On Tuesday, the Ministry of Interior’s Anti-Human Trafficking Department and juvenile protection police officers sent 32-year-old Seng Chanda, Phuon Sinuon, 32 and Sat Saruon, 31, to court after they were arrested in Vietnam.
They are all residents of Ang Snuol district’s Tuol Pich commune in Kandal province.
The women have been charged with two criminal offences and face more than 20 years in prison if found guilty, said Phnom Penh Municipal Court spokesman Y Rin.
“The Phnom Penh Municipal Court judge decided to temporarily detain the three at Correctional Centre 2 under Article 16 of the Law on Suppression of Human Trafficking and Sexual Exploitation and Article 332 of the Criminal Code."
“We charged them with trafficking transnational persons and [acting as an] intermediary between an adoptive parent and a pregnant woman,” Rin told The Post.
According to Article 332 of the Criminal Code, acting as an intermediary for monetary gain between a person or a couple desiring to adopt a child and a woman agreeing to bear the child with the intent to give up the child is punishable by imprisonment from one to six months and a fine from 100,000 to one million riel ($25 to $245).
Article 16 of the Law on Suppression of Human Trafficking and Sexual Exploitation stipulates that the act of selling, buying or exchanging a person for cross-border transfer to outside of Cambodia is punishable by imprisonment of seven to 20 years.
Chhiv Phally, the Ministry of Interior’s Anti-Human Trafficking and Juvenile Protection Department director, said the three women were detained by Vietnamese police and returned to Cambodia after they illegally crossed into the country to deliver their children to Chinese nationals for $8,000 per child.
Am Sam Ath, monitoring manager with human rights group Licadho, told The Post on Thursday that he was saddened by the court’s decision to charge the three, saying the factors leading people to commit the crime are a poor standard of living and a lack of awareness of the law.
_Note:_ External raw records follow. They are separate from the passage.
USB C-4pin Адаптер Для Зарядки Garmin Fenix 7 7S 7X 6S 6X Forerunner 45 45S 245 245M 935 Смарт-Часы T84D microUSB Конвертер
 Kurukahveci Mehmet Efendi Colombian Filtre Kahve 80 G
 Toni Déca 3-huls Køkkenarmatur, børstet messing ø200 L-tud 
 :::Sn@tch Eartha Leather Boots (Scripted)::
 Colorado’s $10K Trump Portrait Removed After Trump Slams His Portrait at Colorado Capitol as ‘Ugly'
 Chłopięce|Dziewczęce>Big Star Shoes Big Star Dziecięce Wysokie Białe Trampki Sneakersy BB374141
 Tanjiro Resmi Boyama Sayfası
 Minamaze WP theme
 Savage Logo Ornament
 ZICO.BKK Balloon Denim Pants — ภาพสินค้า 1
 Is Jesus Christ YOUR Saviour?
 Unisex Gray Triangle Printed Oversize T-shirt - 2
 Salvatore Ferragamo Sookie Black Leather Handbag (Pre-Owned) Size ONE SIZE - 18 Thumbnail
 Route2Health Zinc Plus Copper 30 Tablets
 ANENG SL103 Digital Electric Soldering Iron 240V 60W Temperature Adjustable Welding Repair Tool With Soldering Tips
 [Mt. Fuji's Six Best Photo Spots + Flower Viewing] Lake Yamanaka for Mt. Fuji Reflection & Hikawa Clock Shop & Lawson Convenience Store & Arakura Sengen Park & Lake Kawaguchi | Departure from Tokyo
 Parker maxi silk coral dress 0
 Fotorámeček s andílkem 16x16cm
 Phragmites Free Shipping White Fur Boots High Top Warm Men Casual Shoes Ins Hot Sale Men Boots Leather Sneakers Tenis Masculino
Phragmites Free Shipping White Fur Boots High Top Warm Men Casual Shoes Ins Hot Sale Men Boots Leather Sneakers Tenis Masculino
He said women who are forced to become surrogate mothers because they are so desperate for money should be seen as victims. Sam Ath also requested the court to reconsider the charges and to find the brokers behind the surrogacy agreement.
“What is important is that the government should make an announcement broadly over the issue and should publicly discuss [illegal surrogacy] so that people understand it,” he said.
Cambodia has cracked down on 43 cases of illegal surrogacy, with most of the babies sent to China.